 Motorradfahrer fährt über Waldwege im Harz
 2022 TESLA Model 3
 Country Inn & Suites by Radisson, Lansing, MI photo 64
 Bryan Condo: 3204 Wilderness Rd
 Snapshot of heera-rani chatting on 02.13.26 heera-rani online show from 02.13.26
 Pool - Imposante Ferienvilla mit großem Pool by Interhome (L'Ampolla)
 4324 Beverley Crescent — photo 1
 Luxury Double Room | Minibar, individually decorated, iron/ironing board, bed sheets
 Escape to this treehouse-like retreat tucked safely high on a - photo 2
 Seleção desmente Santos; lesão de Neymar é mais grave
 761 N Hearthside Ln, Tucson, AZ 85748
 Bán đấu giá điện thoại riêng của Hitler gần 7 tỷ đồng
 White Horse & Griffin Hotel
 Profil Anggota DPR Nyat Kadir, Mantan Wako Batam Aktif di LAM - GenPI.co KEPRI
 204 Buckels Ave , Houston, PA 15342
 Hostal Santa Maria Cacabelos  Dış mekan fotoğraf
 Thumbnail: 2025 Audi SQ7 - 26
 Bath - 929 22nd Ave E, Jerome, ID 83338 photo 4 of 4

• WHAT THE EXERCISE ASKS: The task requires an exact copy of all the lines above.

• YOUR RESPONSE:
 Motorradfahrer fährt über Waldwege im Harz
 2022 TESLA Model 3
 Country Inn & Suites by Radisson, Lansing, MI photo 64
 Bryan Condo: 3204 Wilderness Rd
 Snapshot of heera-rani chatting on 02.13.26 heera-rani online show from 02.13.26
 Pool - Imposante Ferienvilla mit großem Pool by Interhome (L'Ampolla)
 4324 Beverley Crescent — photo 1
 Luxury Double Room | Minibar, individually decorated, iron/ironing board, bed sheets
 Escape to this treehouse-like retreat tucked safely high on a - photo 2
 Seleção desmente Santos; lesão de Neymar é mais grave
 761 N Hearthside Ln, Tucson, AZ 85748
 Bán đấu giá điện thoại riêng của Hitler gần 7 tỷ đồng
 White Horse & Griffin Hotel
 Profil Anggota DPR Nyat Kadir, Mantan Wako Batam Aktif di LAM - GenPI.co KEPRI
 204 Buckels Ave , Houston, PA 15342
 Hostal Santa Maria Cacabelos  Dış mekan fotoğraf
 Thumbnail: 2025 Audi SQ7 - 26
 Bath - 929 22nd Ave E, Jerome, ID 83338 photo 4 of 4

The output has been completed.